Socio-environmental conflicts have increased in Latin America, in part because of extractive projects. But, how is this linked to “irregular” groups? And what strategies are needed to transform the conflicts? The article resumes some results of a recent survey.
In the last 15 years, socio-environmental conflicts have increased in Latin America, partly due to the increase of extractive projects in the region. The Atlas of Environmental Justice has recorded 587 conflicts in Latin America, representing 32% of the total socio-environmental conflicts worldwide. A clear majority were registered after the 2000s, indicating a concerning upward trend. In September 2016, a 34% increase in conflict cases was seen in South America alone compared to the previous year. Almost 40% of all conflicts revolve around mining.
Fundación Futuro Latinoamericano, a non-profit organization founded in Ecuador in 1993, conducted a study that aims for a deeper understanding of the trends of socio-environmental conflict, the efficiency of different methodologies and strategies, and the conditions necessary to design and develop a regional mechanism to approach conflict in Latin America. A field consultation process was conducted, combining qualitative and quantitative research methods, in order to account to collect the diversity of approaches and perspectives on the subject of socio-environmental conflict in Latin America. Thus, a quantitative survey which received 520 responses from different sectors – ranging from the public and private sector to international organizations, civil society and academia – and different Latin American regions was at the core of the study.
Increasing infrastructure – increasing conflict
The results of the study show a strong public perception that the number of socio-environmental conflicts has increased. 81% of all respondents answered that there has been an increase in the last decade. In the Andean Region, 79% of the respondents believe that socio-environmental conflicts increased. In the Southern Cone, this percentage goes up to 86% and in Mexico and Central America to 84%. When answering the question: “What are the main causes that influence socio-environmental conflicts?” about 70% of respondents from all regions answered that conflict is mainly due to the increase of infrastructure projects related to mining, oil, gas, hydroelectricity, and roads.
Links between armed groups and socio-environmental conflict
The study also looks at socio-environmental conflicts and “irregular groups”. Irregular groups are defined as armed groups such as the FARC paramilitaries in Colombia, drug cartels, and groups involved in money laundering and organized crime. The link between irregular groups and socio-environmental conflicts is a topic that has not been approached in its specificity and generality within literature, except for some case studies in Colombia and Mexico, even though the issue is becoming a major problem in Latin America.

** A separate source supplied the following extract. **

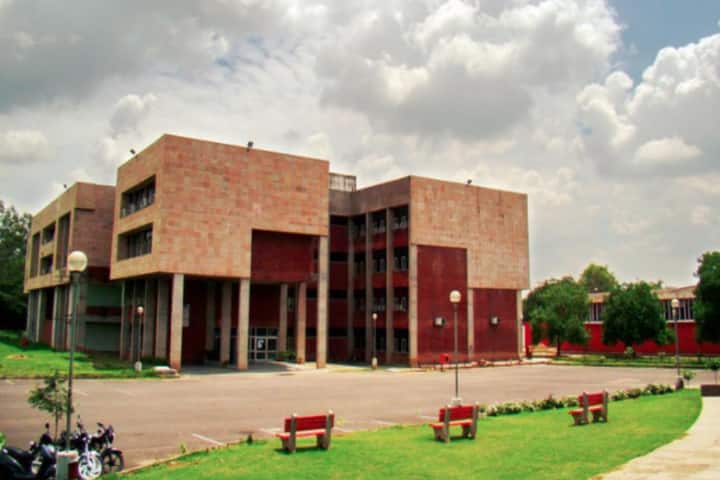 CCET Chandigarh campus in Chandigarh, India — photo 1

The survey shows that the perceived link between socio-environmental conflict and irregular groups in Latin America is not strong (yet). Almost half of the 520 responded surveyed answered that there is "definitely not" a link, opposed to 26% of the respondents who thought that there "definitely is" a relationship. Disaggregated by regions, 29% of respondents in the Andean Region agree with this link, compared to 9% in the Southern Cone, and 43% in Central America and Mexico.

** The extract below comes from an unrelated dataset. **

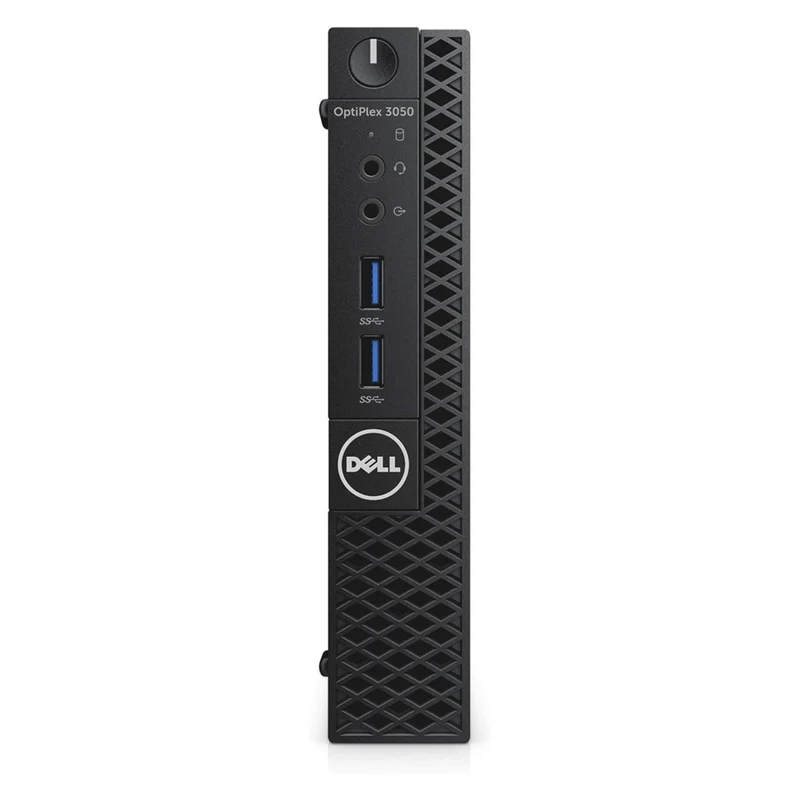 Dell - Remis à Neuf OptiPlex 3050 Tiny - Intel i5 - 256 Go SSD - 16 Go de RAM - Windows 10 Pro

Eighty percent of those surveyed mention the need to promote dialogue as a principal strategy for the transformation of socio-environmental conflicts without significant differences between countries, regions, or sectors. Nonetheless, the study concludes that dialogue processes need synergy with other strategies that focus on the defense of human rights, the empowerment of weaker actors, the treatment of traumas, the construction of social fabric, and the construction of peace.